L’arrivée de Mark Carney à la Banque d’Angleterre est très surveillée
Les économistes sont plutôt partagés sur les conséquences de l’arrivée de Mark Carney à la tête de la Banque d’Angleterre ce lundi. Le président du Conseil de stabilité financière qui était gouverneur de la banque du Canada jusqu’au début du mois de juin est réputé favorable aux politiques d’assouplissement quantitatif. Cependant, beaucoup d’analystes ne croient pas que le comité de politique monétaire votera une augmentation du programme de rachats d’actifs (QE) à l’issue de sa réunion, jeudi.
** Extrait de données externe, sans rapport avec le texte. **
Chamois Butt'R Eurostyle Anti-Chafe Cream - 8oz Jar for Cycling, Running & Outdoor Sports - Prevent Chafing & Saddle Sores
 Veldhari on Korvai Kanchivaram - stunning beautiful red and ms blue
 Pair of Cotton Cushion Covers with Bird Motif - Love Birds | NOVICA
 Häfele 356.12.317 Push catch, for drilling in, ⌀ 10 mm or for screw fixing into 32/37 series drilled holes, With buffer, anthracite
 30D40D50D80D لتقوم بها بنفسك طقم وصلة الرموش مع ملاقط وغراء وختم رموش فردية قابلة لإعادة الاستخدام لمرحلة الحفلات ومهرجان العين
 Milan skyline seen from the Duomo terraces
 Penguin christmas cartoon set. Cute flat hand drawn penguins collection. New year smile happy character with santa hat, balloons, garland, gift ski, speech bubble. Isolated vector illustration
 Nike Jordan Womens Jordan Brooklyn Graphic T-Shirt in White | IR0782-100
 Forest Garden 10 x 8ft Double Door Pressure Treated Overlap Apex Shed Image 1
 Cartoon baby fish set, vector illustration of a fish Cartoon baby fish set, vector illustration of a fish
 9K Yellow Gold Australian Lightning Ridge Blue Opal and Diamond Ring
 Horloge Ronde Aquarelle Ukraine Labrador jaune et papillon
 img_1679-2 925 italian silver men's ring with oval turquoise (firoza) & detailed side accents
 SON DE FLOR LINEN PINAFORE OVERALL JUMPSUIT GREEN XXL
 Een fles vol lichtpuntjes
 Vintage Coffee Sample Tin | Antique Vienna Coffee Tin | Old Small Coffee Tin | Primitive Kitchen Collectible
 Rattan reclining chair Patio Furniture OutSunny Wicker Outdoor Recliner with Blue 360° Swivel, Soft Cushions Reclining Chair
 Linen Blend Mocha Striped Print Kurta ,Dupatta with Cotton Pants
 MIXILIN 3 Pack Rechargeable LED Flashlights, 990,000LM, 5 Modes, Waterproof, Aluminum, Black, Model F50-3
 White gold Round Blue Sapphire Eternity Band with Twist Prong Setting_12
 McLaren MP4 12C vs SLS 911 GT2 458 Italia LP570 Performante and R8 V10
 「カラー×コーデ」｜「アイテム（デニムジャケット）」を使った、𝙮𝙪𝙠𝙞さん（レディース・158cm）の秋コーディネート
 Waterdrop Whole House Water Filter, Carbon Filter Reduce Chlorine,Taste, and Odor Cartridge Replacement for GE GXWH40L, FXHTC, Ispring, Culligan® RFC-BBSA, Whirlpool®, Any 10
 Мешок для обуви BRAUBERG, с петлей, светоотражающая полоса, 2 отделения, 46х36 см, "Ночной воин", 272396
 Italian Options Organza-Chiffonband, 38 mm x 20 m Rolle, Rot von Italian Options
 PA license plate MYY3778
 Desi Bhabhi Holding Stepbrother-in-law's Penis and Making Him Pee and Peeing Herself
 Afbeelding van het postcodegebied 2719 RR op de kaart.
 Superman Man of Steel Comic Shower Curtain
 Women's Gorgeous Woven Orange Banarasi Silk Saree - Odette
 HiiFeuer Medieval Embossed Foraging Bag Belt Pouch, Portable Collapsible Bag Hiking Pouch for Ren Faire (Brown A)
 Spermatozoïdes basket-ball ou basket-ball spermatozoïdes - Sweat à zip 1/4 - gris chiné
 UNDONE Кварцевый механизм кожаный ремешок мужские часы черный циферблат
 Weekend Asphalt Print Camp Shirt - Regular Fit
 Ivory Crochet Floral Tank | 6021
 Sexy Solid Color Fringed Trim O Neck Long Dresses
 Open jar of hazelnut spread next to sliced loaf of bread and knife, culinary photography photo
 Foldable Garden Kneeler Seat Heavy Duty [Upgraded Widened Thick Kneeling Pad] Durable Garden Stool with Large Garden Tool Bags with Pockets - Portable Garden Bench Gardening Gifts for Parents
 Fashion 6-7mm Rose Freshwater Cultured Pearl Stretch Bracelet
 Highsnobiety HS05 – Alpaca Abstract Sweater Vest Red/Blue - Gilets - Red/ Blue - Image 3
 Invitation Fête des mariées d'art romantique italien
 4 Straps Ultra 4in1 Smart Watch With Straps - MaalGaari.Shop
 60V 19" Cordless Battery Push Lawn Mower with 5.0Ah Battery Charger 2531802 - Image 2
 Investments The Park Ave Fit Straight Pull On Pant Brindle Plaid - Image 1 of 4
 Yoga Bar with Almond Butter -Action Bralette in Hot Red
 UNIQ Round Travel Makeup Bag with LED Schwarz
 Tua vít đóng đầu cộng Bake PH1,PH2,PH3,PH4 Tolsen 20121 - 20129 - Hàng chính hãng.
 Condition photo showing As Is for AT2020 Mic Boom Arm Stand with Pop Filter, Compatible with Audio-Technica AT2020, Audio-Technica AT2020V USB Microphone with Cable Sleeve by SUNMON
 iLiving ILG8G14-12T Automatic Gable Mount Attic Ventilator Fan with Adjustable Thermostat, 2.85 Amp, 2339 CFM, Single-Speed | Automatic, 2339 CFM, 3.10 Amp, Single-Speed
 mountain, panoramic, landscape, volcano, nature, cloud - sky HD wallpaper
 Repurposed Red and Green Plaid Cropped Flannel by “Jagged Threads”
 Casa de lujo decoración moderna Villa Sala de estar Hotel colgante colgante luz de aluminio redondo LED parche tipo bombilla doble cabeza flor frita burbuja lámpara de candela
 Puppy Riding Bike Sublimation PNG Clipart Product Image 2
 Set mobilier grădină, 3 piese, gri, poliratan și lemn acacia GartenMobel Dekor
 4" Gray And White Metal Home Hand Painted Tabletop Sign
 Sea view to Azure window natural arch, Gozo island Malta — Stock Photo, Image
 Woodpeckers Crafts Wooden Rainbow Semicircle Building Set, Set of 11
Selon la recherche de Morgan Stanley, la probabilité d’une extension du QE a augmenté par rapport au mois dernier. Car l’annonce d’une sortie progressive du QE d’ici à la fin de l’année prochaine par la Fed a fait progresser les taux. Les rendements des titres d’Etat britanniques à dix ans s’étaient tendus vendredi après-midi de 46 points de base en un mois, pour atteindre 2,42%. L’économiste de BNP Paribas CIB, David Tinsley, table sur un renforcement du QE en août prochain.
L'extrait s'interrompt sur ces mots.